--- Record excerpts ---

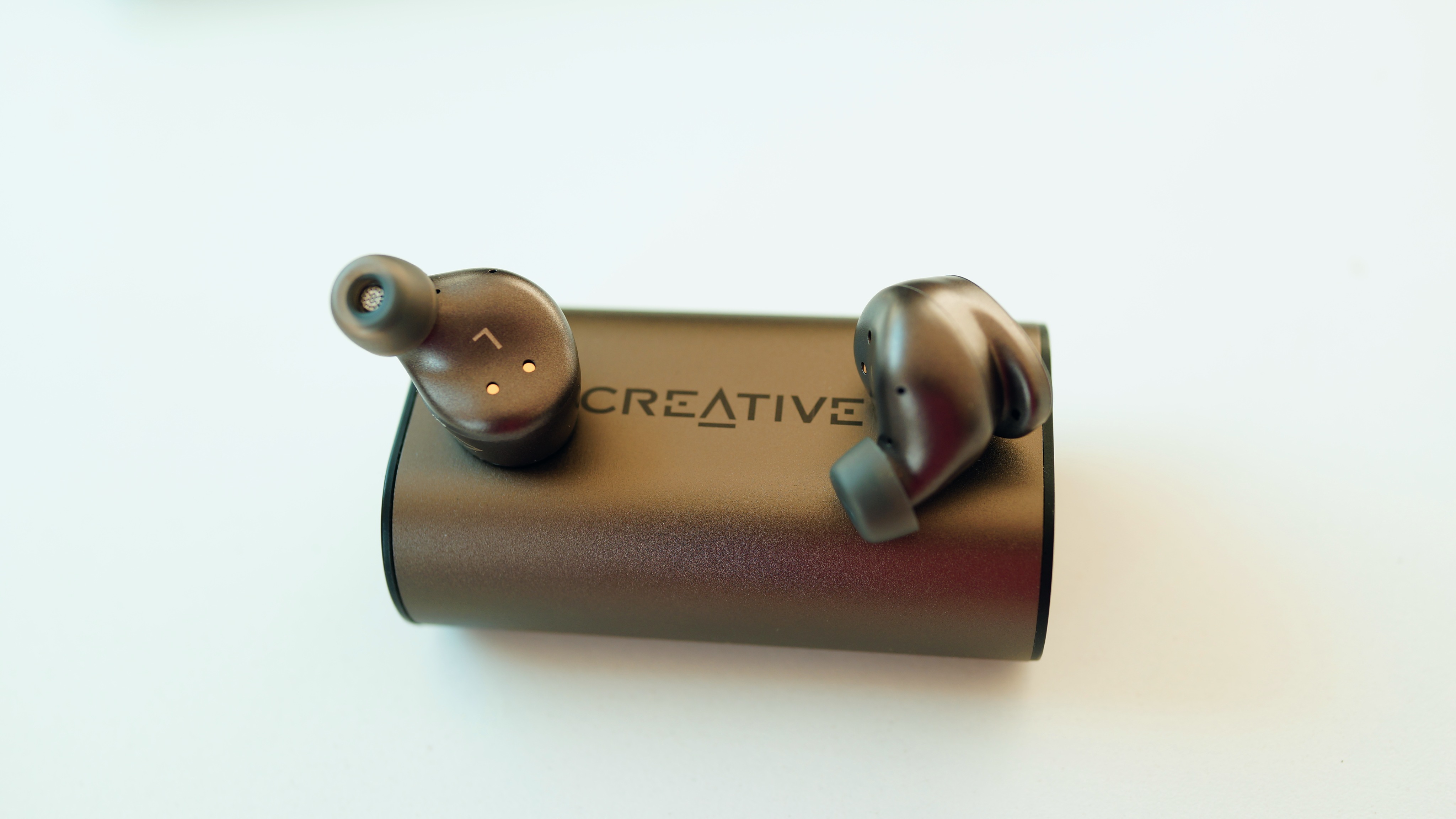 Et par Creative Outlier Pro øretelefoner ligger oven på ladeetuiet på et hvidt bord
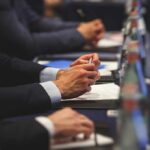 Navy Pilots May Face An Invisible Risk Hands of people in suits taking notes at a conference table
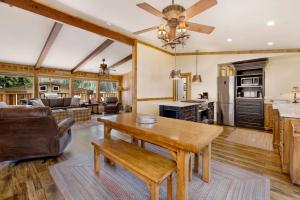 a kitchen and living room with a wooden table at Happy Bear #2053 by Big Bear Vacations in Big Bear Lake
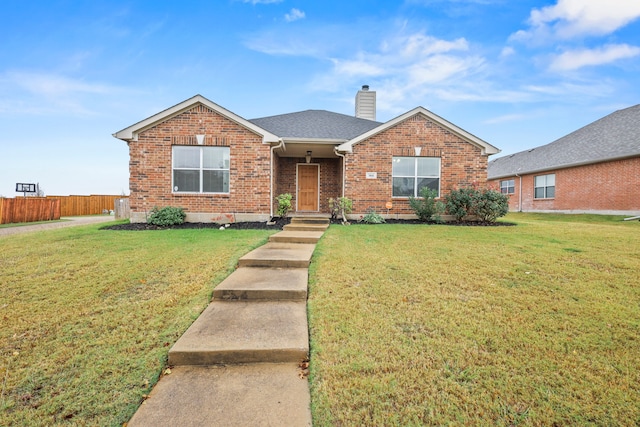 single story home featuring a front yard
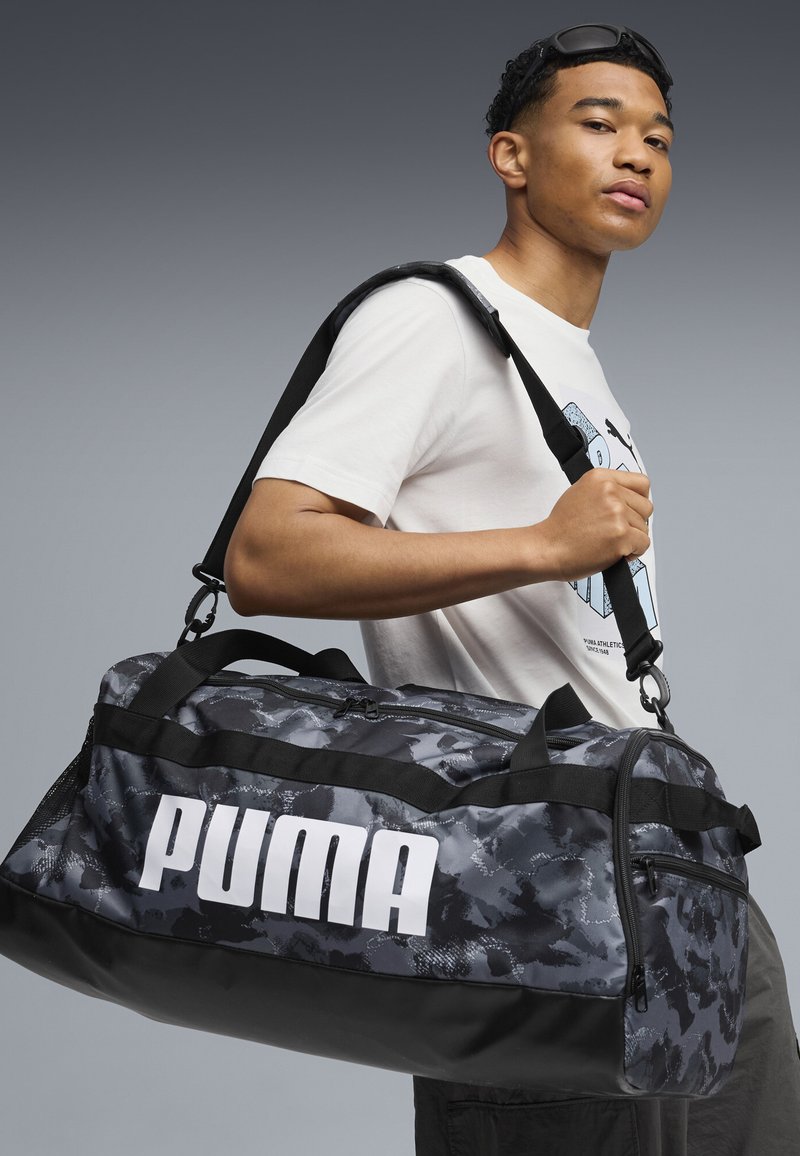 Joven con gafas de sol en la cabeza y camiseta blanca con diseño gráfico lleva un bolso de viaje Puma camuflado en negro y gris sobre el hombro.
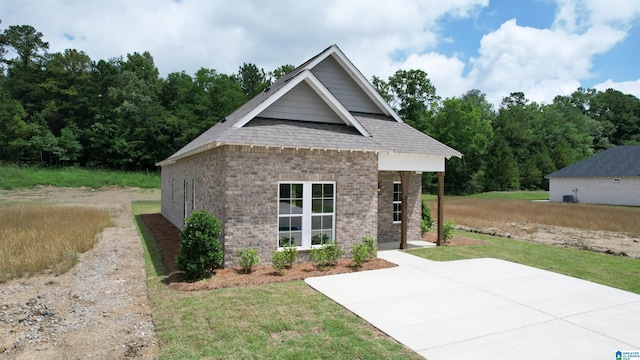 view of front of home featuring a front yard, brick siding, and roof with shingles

---

The records above need to be copied exactly, with the pictures left out.

 Et par Creative Outlier Pro øretelefoner ligger oven på ladeetuiet på et hvidt bord
 Navy Pilots May Face An Invisible Risk Hands of people in suits taking notes at a conference table
 a kitchen and living room with a wooden table at Happy Bear #2053 by Big Bear Vacations in Big Bear Lake
 single story home featuring a front yard
 Joven con gafas de sol en la cabeza y camiseta blanca con diseño gráfico lleva un bolso de viaje Puma camuflado en negro y gris sobre el hombro.
 view of front of home featuring a front yard, brick siding, and roof with shingles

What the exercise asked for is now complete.